Dataset entries:
◇ ◇ ◇ ◇ ◇

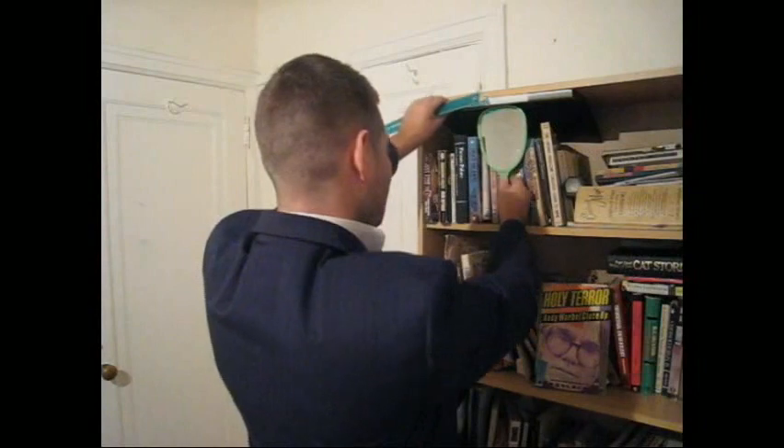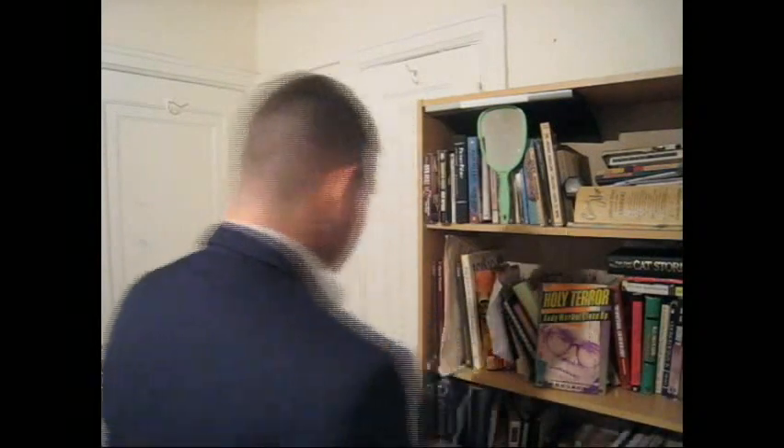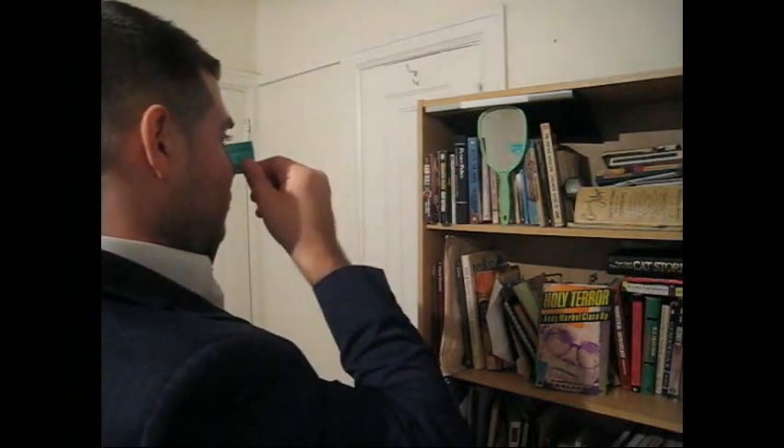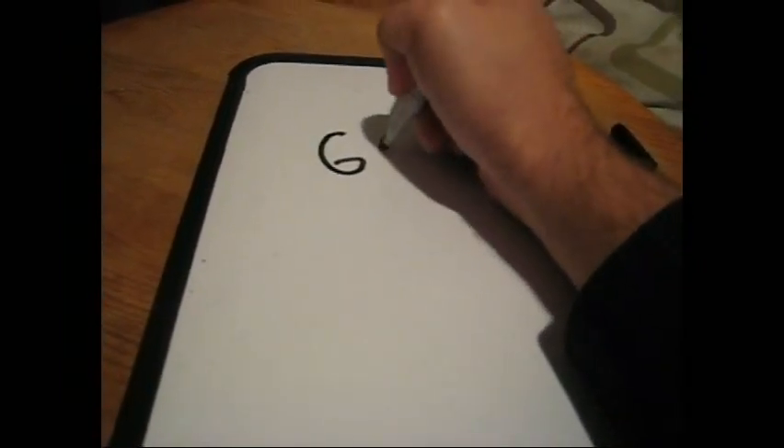There are a few easy ways you can measure your PD at home. First, all you need is a mirror and a millimeter ruler. Place your mirror about one arm's length from where you stand. Take your ruler and place it directly over the bridge of your nose with the zero over one of your pupils — the number over the other pupil is your pupillary distance. Record this number and repeat as many times as necessary to ensure accuracy.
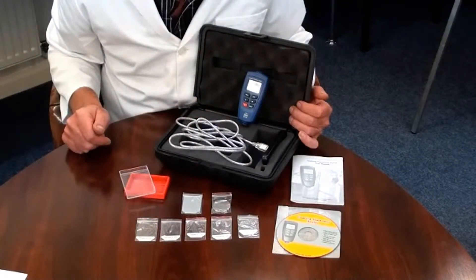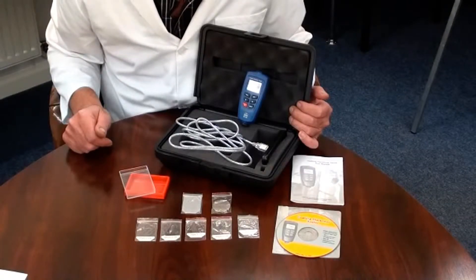This instrument can measure coatings such as paint, lacquer, rubber, epoxy, etc. on ferrous or non-ferrous substrates. The instrument has automatic recognition of the type of substrate.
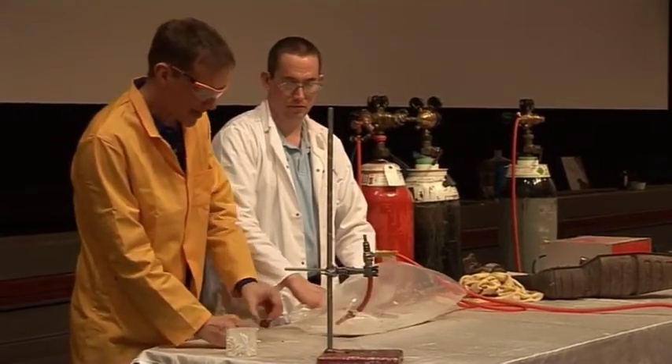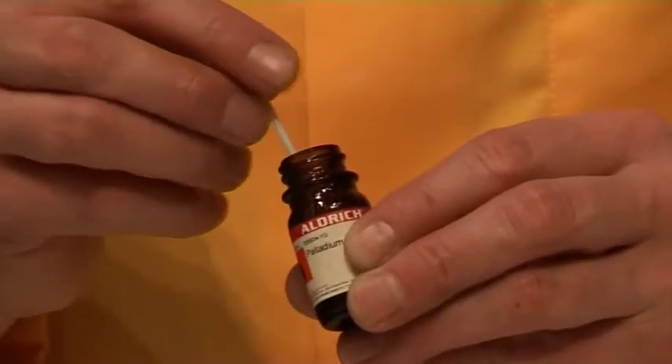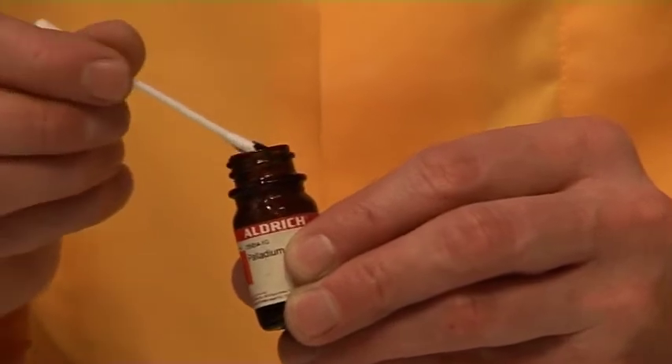This time what I'm going to do is see if we can light it a slightly different way, and I have some metal catalyst here. This is palladium metal, very finely divided palladium metal.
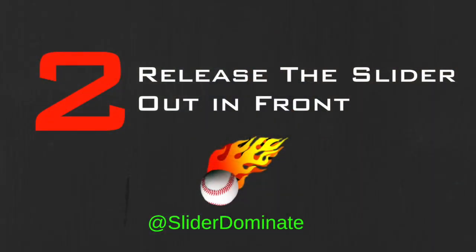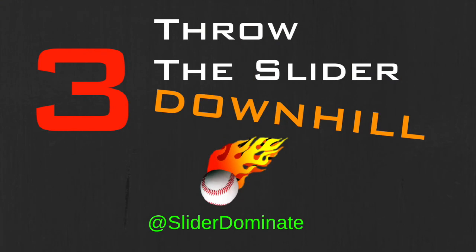When you do step one correctly, you execute step two properly also. Step number two: release the slider out in front. Releasing the slider out in front maximizes its effectiveness. You're in the best position to finish the pitch and command the slider however you wish — it's going to break later and sharper, and that's exactly what you want in this dominant pitch. The more consistently you can do this, the more consistent your results will be, and that's what coaches and scouts want to see.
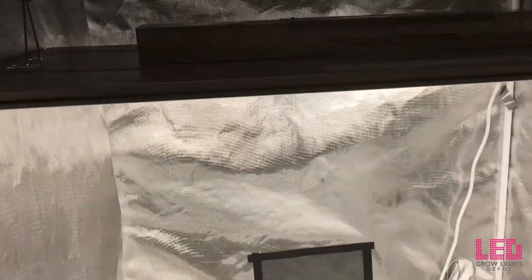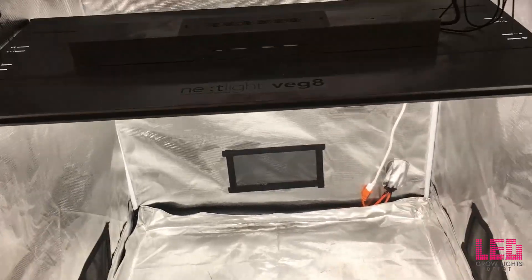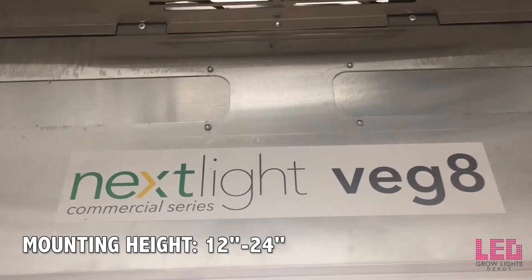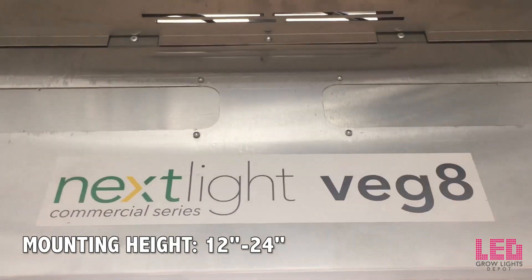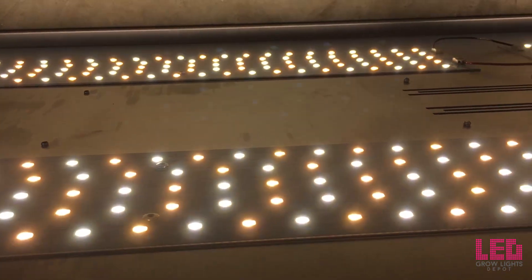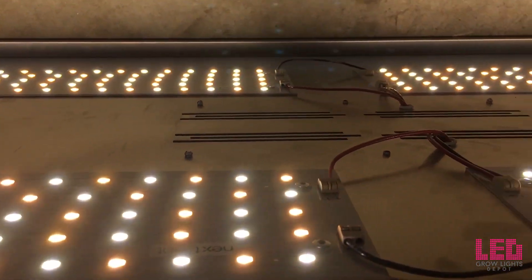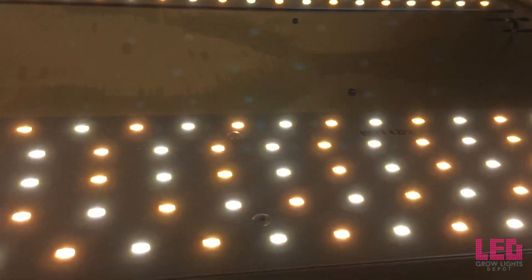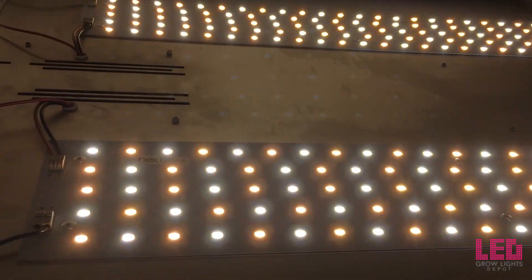Links for these lights are in the description section below. In most cases, it is recommended that this fixture is used 12-24 inches above the plants during veg for the best results. You can hang the light closer but you will lose coverage area while increasing the light's intensity. One way to use this light is on a low-profile vertical racking system for clones or leafy greens.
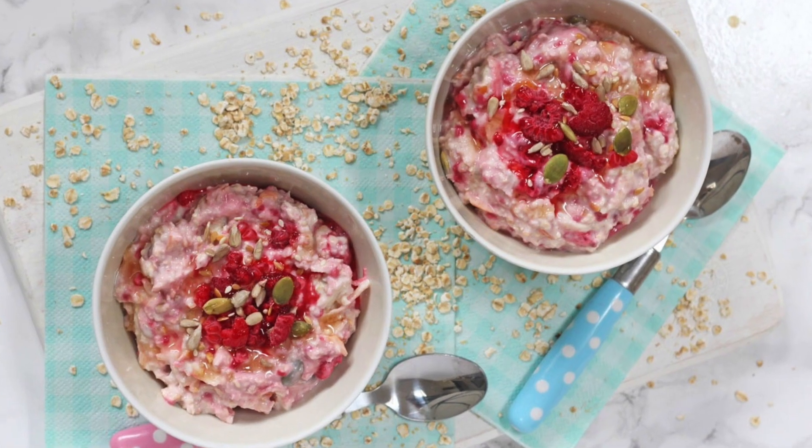Hi, welcome back to my channel. The weather is finally starting to warm up, it's really feeling like spring now, and I'm starting to change the kind of food that we're eating in our house. During the winter I love nothing more than a big warming bowl of porridge, but come this time of year I want colder options for breakfast instead. That's why today I'm going to show you how to make this really simple raspberry bircher muesli.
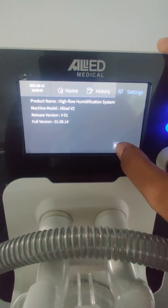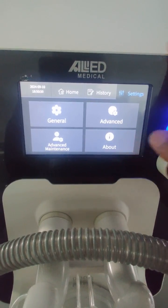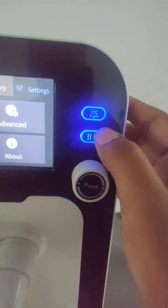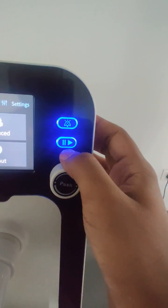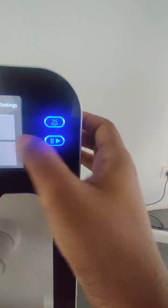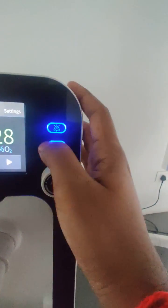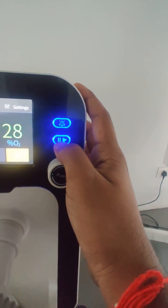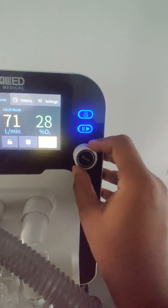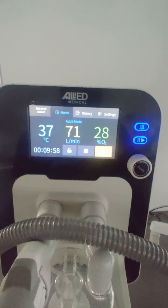On the right side of the device there are two physical buttons: one for silencing alarms, and one for starting or stopping the therapy. You can pause or stop therapy using that button, and the encoder knob is used for toggling between and adjusting different parameters.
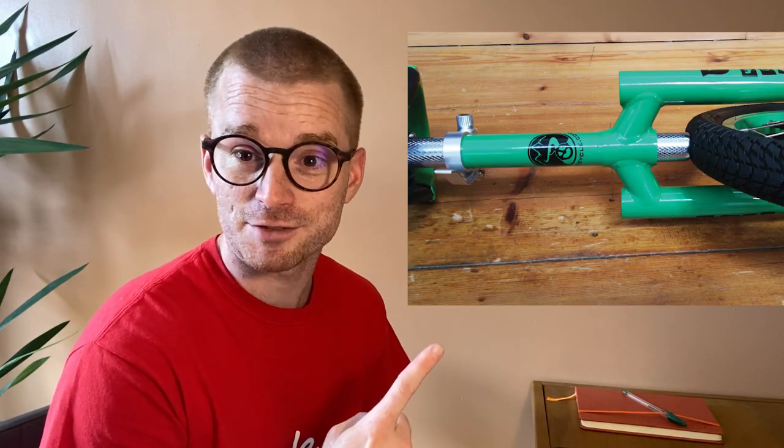Hi, me again. He missed off one little point — one of the main reasons why you cut seat posts down, obviously so riders can get on it, but also to stop the seat post going right the way through the frame and starting to rub on the tire, which is not going to work. The unicycle is not going to ride. If he misses anything else off, I'll interrupt again.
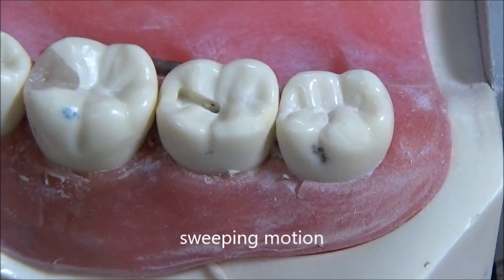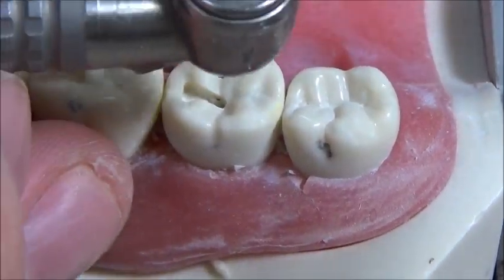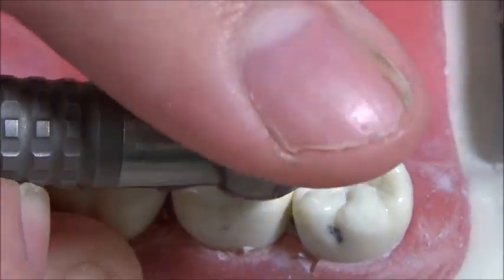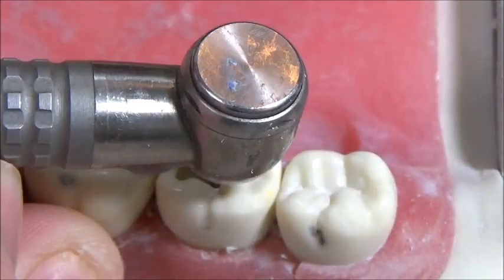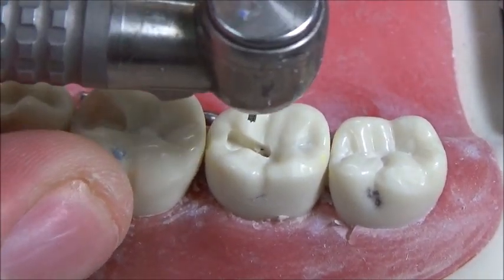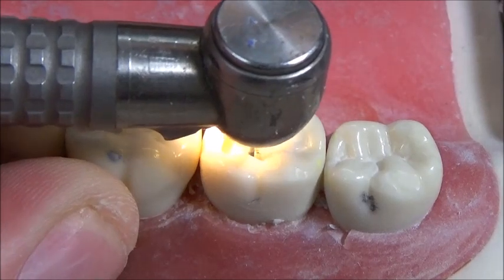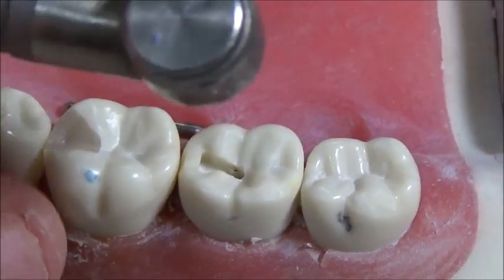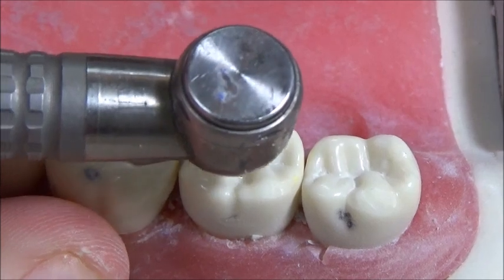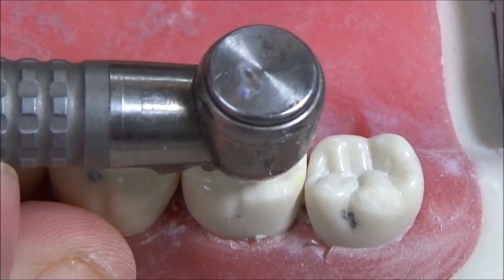As you'll notice, I'm keeping the burr perpendicular to the plane of occlusion here. An easy way to check that is by checking the top of the shank and making sure the angulation of this part of the handpiece is parallel to the plane. I'm also moving laterally up against the wall — not attacking the wall from the center of the prep, but rather shaving away with the wall of the preparation.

◇ ◇ ◇ ◇ ◇

- [WHAT THIS TASK INVOLVES] Pictures are not part of the copy. Output only the lines from the one with "Hi, welcome back" through the final line of the records, exactly as given.

- [RESPONSE TO THE EXERCISE]
Hi, welcome back to my channel. The weather is finally starting to warm up, it's really feeling like spring now, and I'm starting to change the kind of food that we're eating in our house. During the winter I love nothing more than a big warming bowl of porridge, but come this time of year I want colder options for breakfast instead. That's why today I'm going to show you how to make this really simple raspberry bircher muesli.
On the right side of the device there are two physical buttons: one for silencing alarms, and one for starting or stopping the therapy. You can pause or stop therapy using that button, and the encoder knob is used for toggling between and adjusting different parameters.
Hi, me again. He missed off one little point — one of the main reasons why you cut seat posts down, obviously so riders can get on it, but also to stop the seat post going right the way through the frame and starting to rub on the tire, which is not going to work. The unicycle is not going to ride. If he misses anything else off, I'll interrupt again.
As you'll notice, I'm keeping the burr perpendicular to the plane of occlusion here. An easy way to check that is by checking the top of the shank and making sure the angulation of this part of the handpiece is parallel to the plane. I'm also moving laterally up against the wall — not attacking the wall from the center of the prep, but rather shaving away with the wall of the preparation.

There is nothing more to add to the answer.